TRY IT:
A word-for-word reproduction of the data below is needed, with no pictures in it.

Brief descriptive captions

-*-

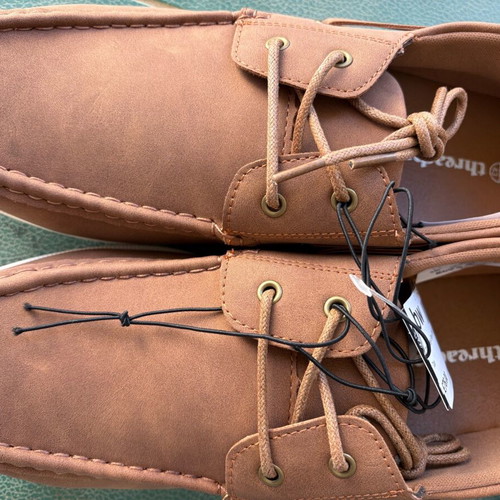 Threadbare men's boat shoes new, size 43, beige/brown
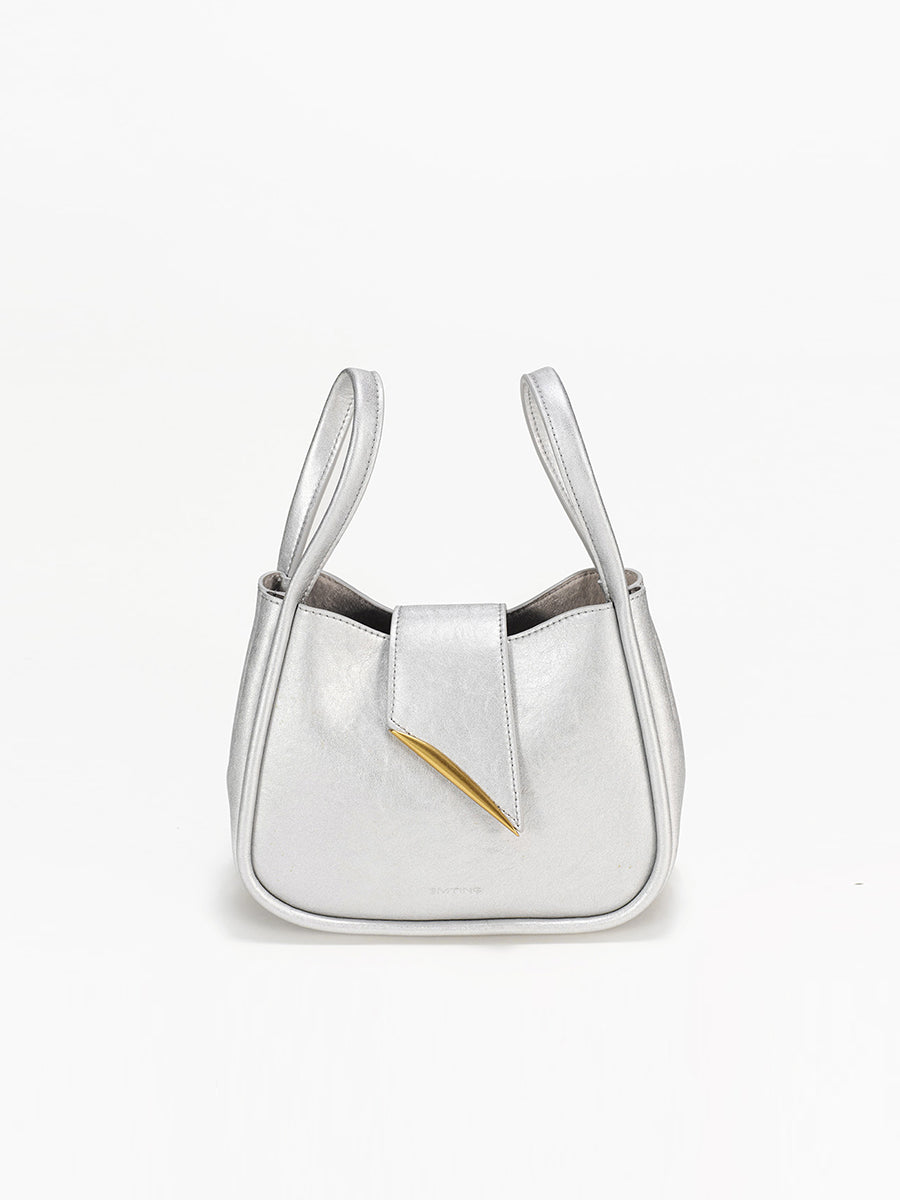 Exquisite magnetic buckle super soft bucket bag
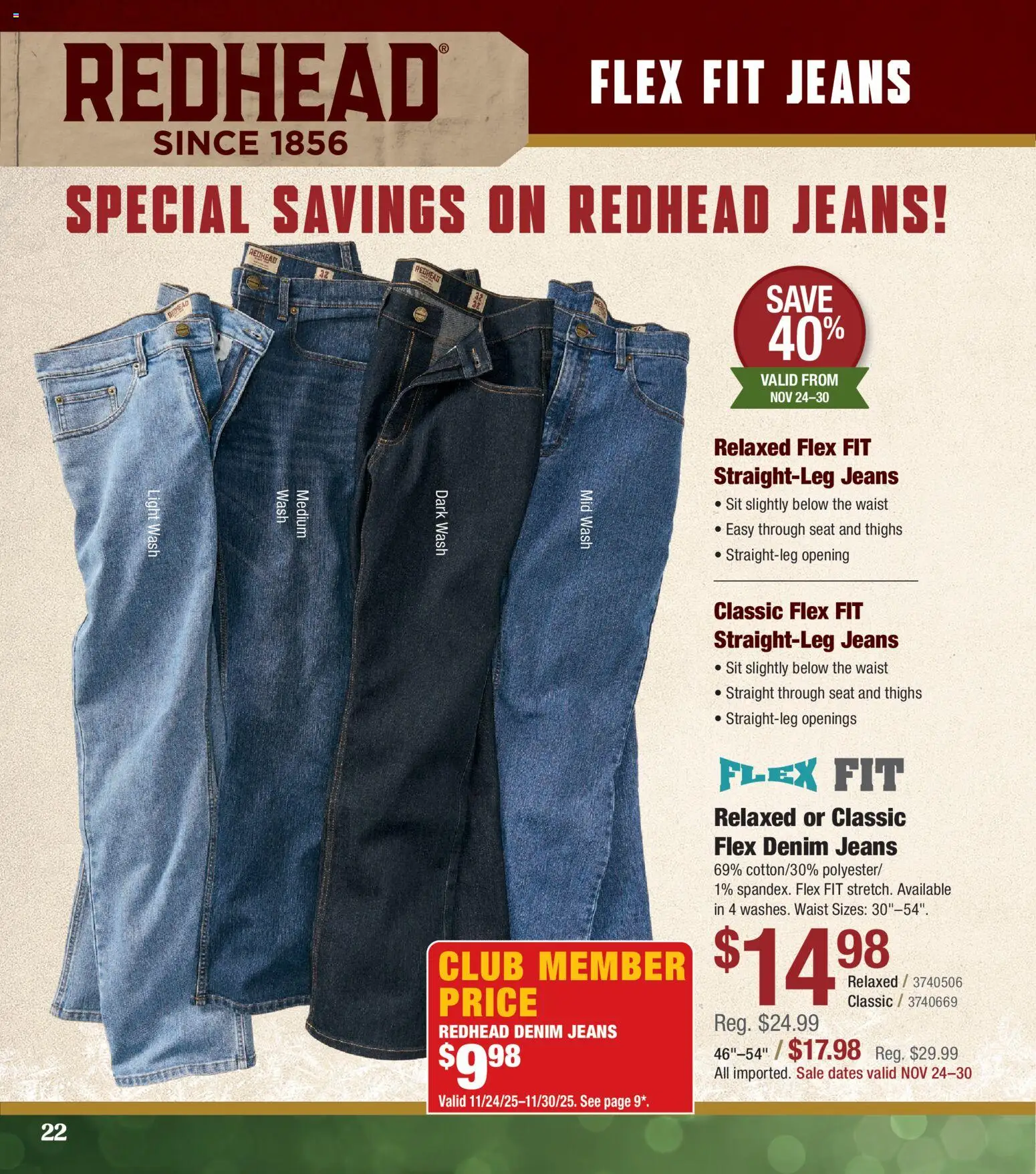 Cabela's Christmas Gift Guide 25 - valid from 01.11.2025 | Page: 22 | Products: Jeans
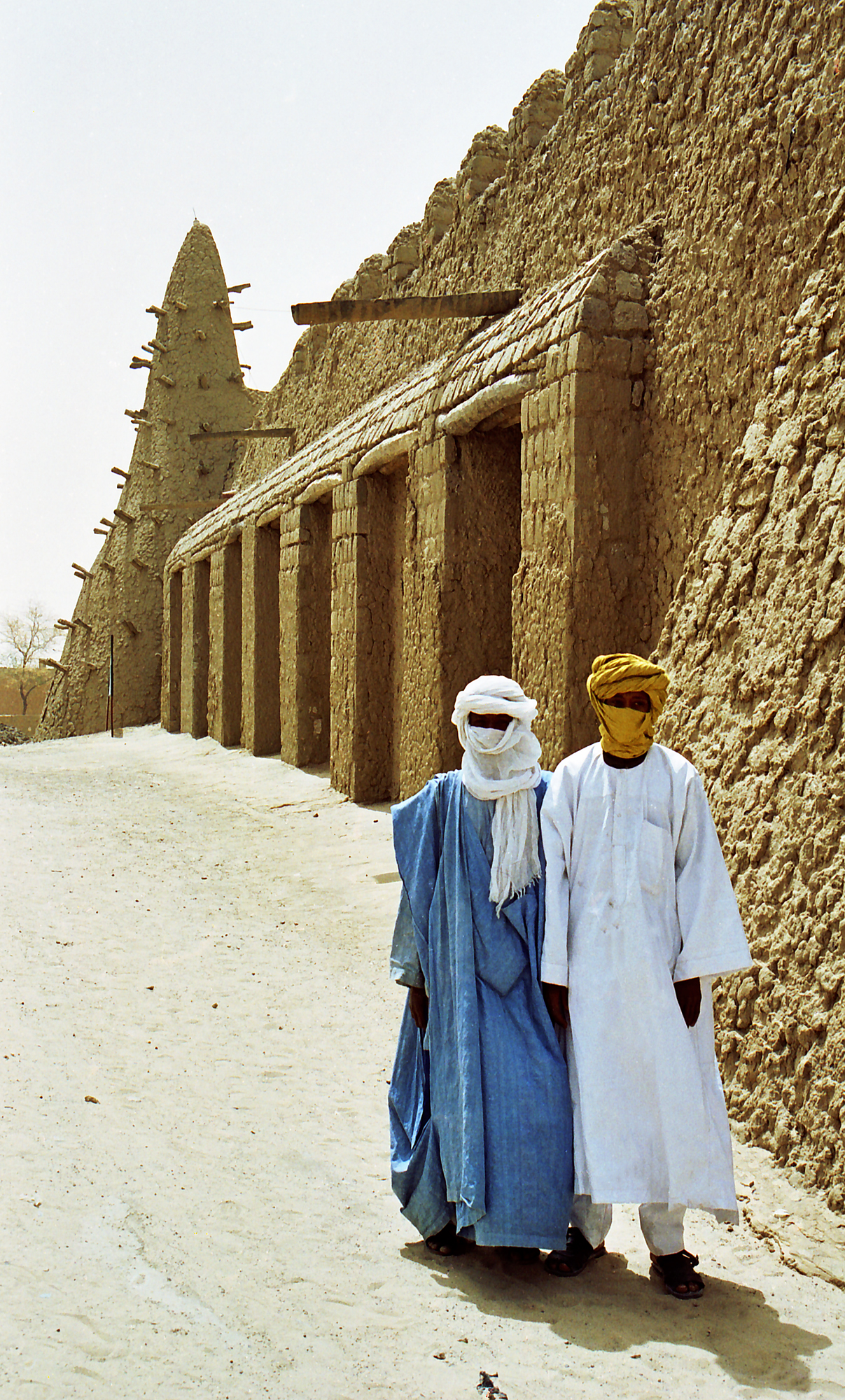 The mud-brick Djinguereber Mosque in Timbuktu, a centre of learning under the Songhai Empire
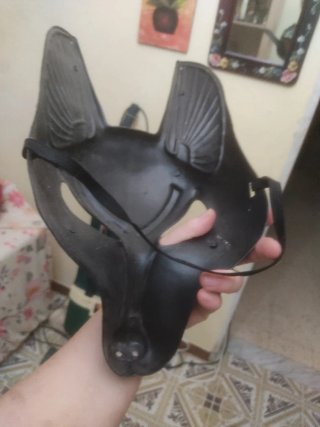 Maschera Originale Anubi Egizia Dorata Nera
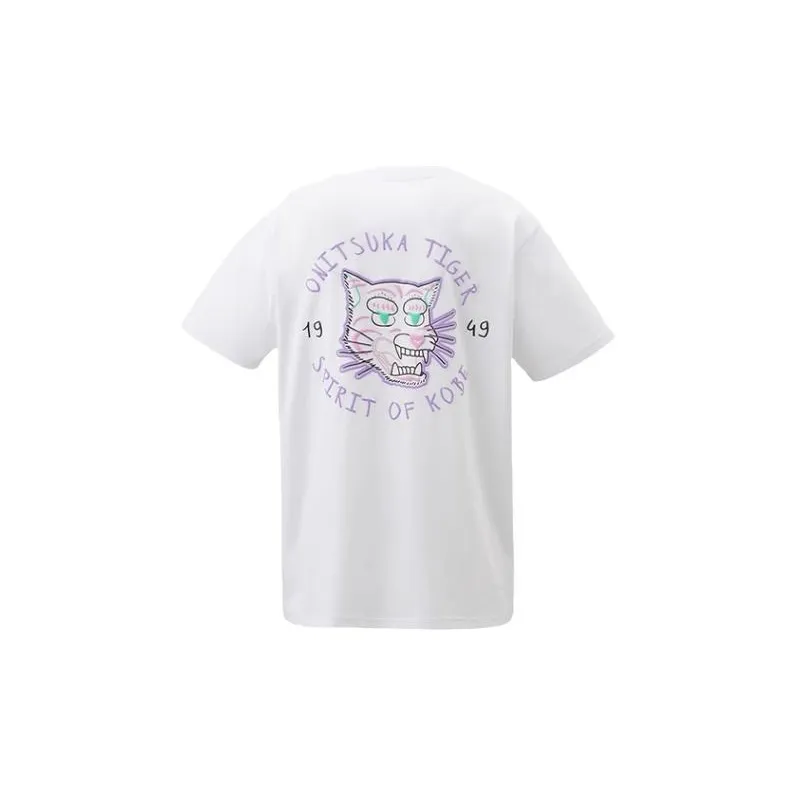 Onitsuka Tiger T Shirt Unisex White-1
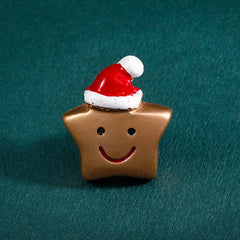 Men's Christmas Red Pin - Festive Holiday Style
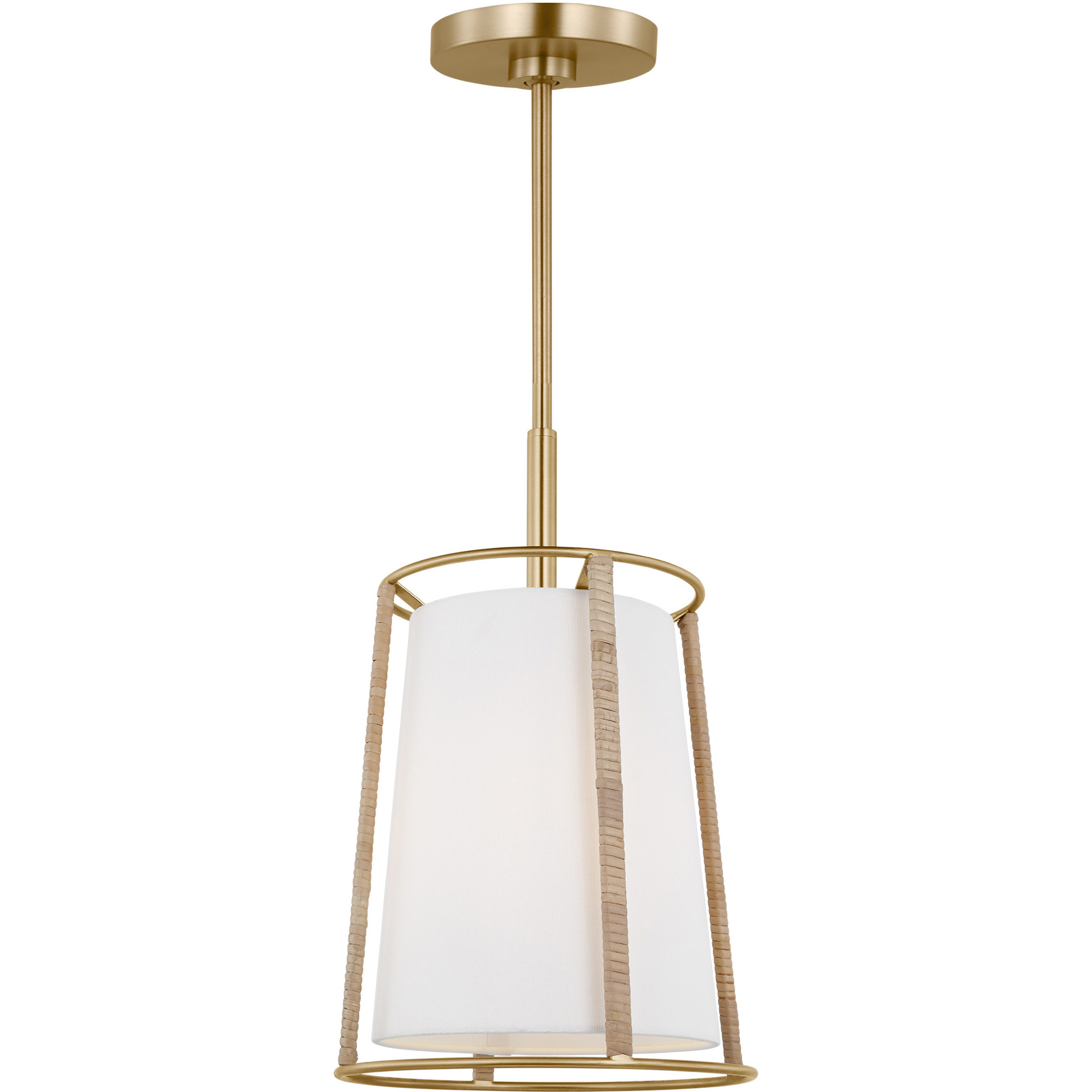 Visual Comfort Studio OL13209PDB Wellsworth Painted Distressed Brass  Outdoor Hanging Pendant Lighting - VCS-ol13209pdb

-*-

RESULT FOR THIS EXERCISE:
 Threadbare men's boat shoes new, size 43, beige/brown
 Exquisite magnetic buckle super soft bucket bag
 Cabela's Christmas Gift Guide 25 - valid from 01.11.2025 | Page: 22 | Products: Jeans
 The mud-brick Djinguereber Mosque in Timbuktu, a centre of learning under the Songhai Empire
 Maschera Originale Anubi Egizia Dorata Nera
 Onitsuka Tiger T Shirt Unisex White-1
 Men's Christmas Red Pin - Festive Holiday Style
 Visual Comfort Studio OL13209PDB Wellsworth Painted Distressed Brass  Outdoor Hanging Pendant Lighting - VCS-ol13209pdb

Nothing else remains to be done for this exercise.